Sometimes people can be fearful of Item Analysis because they are worried it involves too much statistics. This blog post introduces Item Analysis for people who are unfamiliar with it, and I promise no maths or stats! I’m also giving a free webinar on Item Analysis with the same promise.

An assessment contains many items (another name for questions) as figuratively shown below. You can use Item Analysis to look at how each item performs within the assessment and flag potentially weak items for review. By keeping only stronger questions in the assessment, the assessment will be more effective.

Picture of a series of items with one marked as being weak

Item Analysis looks at the performance of all your participants on the items, and calculates how easy or hard people find the items (“item difficulty” or “p-value”) and how well the scores on items correlate with or show a relationship with the scores on the assessment as a whole (“item discrimination” or correlation). Some of problematic questions that Item Analysis can identify are:

  • Questions almost all participants get right, and so which are very easy. You might want to review to these to see if they are appropriate for the assessment. See my earlier post Item Analysis for Beginners – When are very Easy or very Difficult Questions Useful? for more information.
  • Questions which are difficult, where a lot of participants get the questionwrong. You should check such questions in case they are mis-keyed or ambiguous.
  • Multiple choice questions where some choices are rarely picked. You might want to improve such questions to make the wrong choices more plausible.
  • Questions where there is a poor correlation between participants who get the question right and who do well on the assessment. For example it will flag questions that high performing participants perform poorly on. You should look at such questions in case they are ambiguous, mis-keyed or off-topic.

There is a huge wealth of information available in an Item Analysis report, and assessment experts will delve into the report in detail.
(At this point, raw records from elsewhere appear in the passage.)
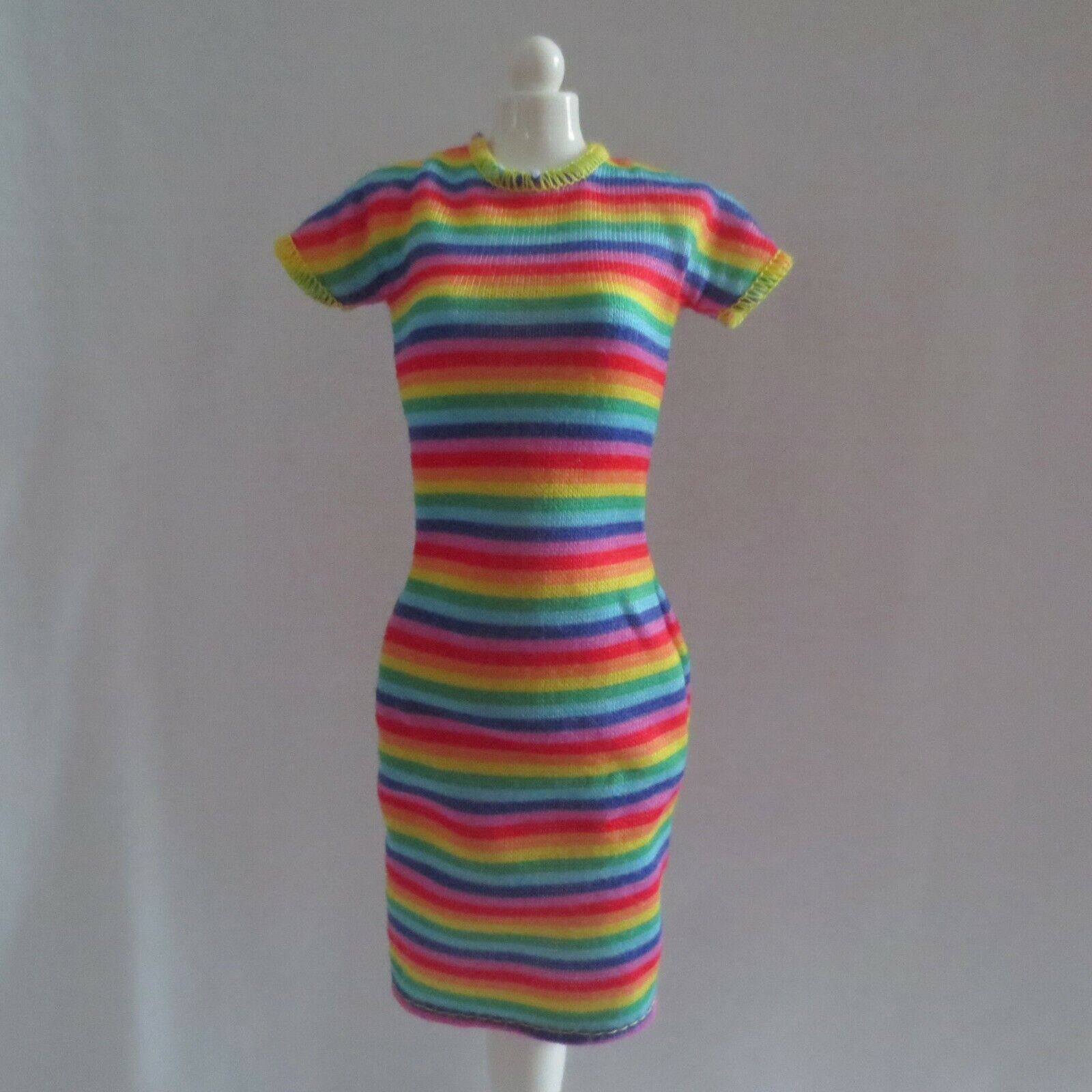 NEW 2021 Barbie Fashionista Made To Move Doll Rainbow Stripe T-Shirt Dress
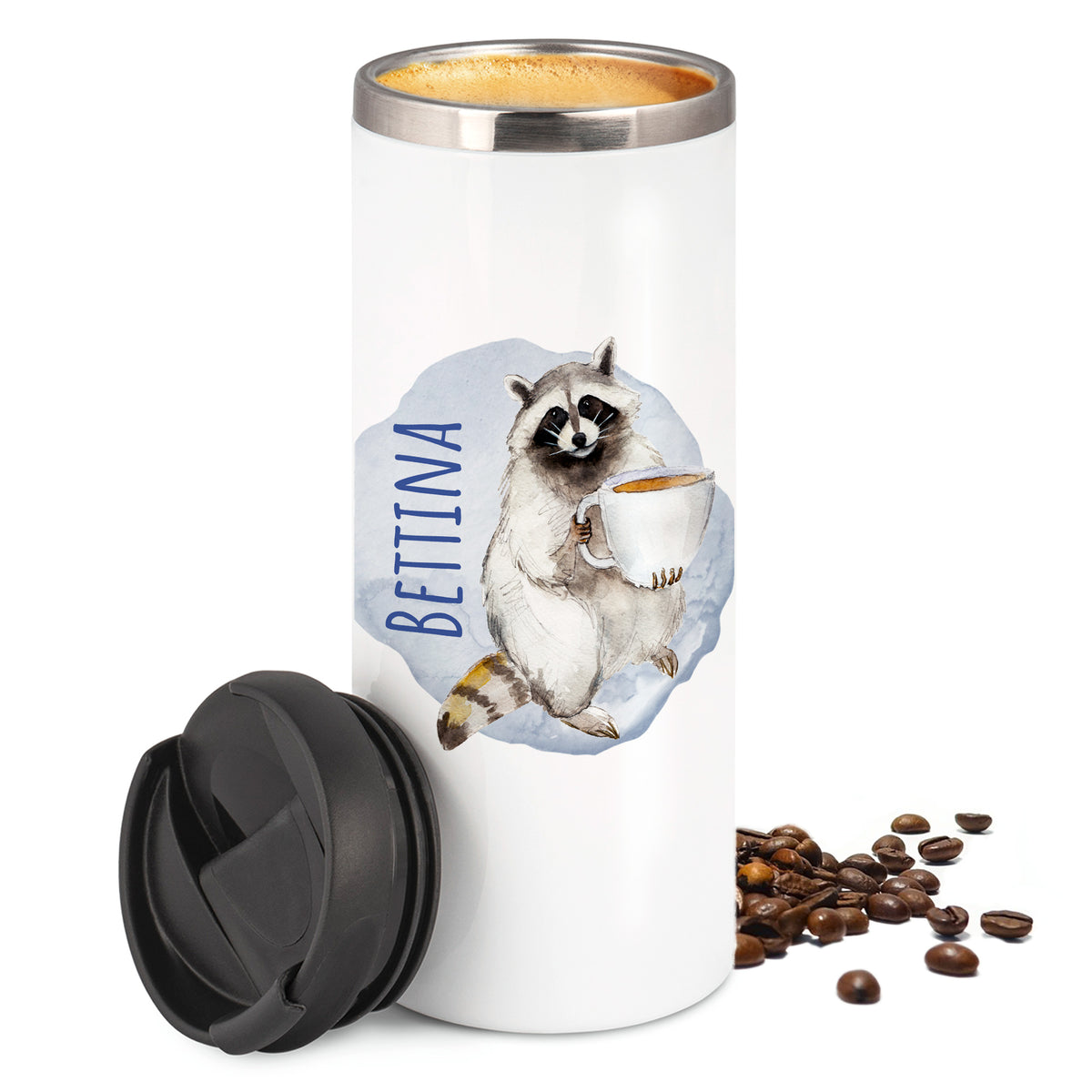 Weißer Thermobecher mit Waschbär und dem Namen "Bettina".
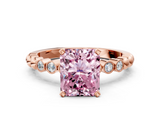 Rose gold Fancy Pink Radiant  Solitaire Bezel Accent Diamond Engagement Ring with Beaded Band and Four-Prong Setting_24
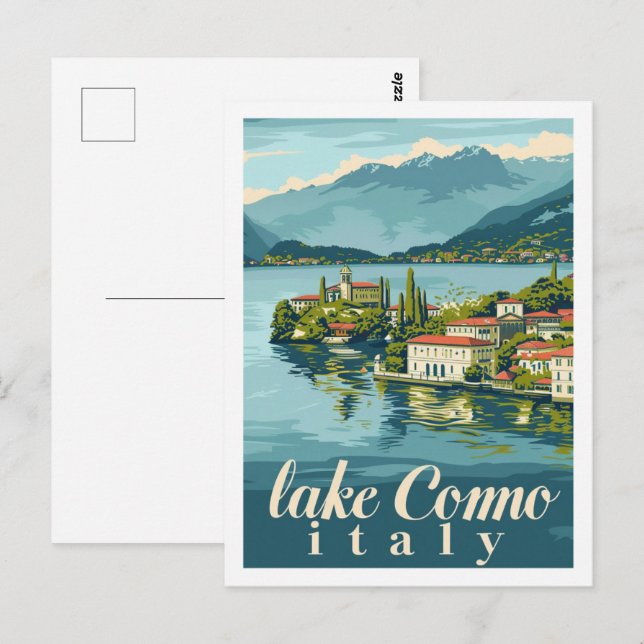 Comer See Italien Vintag Berühmter Reiseraum Postkarte (Vorne/Hinten)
But much of the key information in an Item Analysis report is useful to anyone creating and delivering quizzes, tests and exams.

The Questionmark Item Analysis report includes a graph which shows the difficulty of items compared against their discrimination, like in the example below. It flags questions by marking them amber or red if they fall into categories which may need review. For example, in the illustration below, four questions are marked in amber as having low discrimination and so potentially be worth looking at.

Illustration of Questionmark item analysis report showing some questions green and some amber

If you are running an assessment program, and not using Item Analysis regularly, then this throws doubt on the trustworthiness of your results. By using it to identify and improve weak questions you should be able to improve your validity and reliability.

Item Analysis is surprisingly effective in practice. I’m one of the team responsible at Questionmark for managing our data security test which all employees have to take annually to check their understanding of information security and data protection. We recently reviewed the test and ran Item Analysis and very quickly found a question with poor stats where the technology had changed but we’d not updated the wording, and another question where two of the choices could be considered right, which made it hard to answer. It made our review faster and more effective and helped us improve the quality of the test.

If you want to learn a little more about Item Analysis, I’m running a free webinar on the subject “Item Analysis for Beginners” on May 2nd. You can see details and register for the webinar at https://www.questionmark.com/questionmark_webinars. I look forward to seeing some of you there!

 

Item Analysis for Beginners – When are very Easy or very Difficult Questions Useful?

Posted by John Kleeman

I’m running a session at the Questionmark user conference next month on Item Analysis for Beginners and thought I’d share the answer to an interesting question in this blog.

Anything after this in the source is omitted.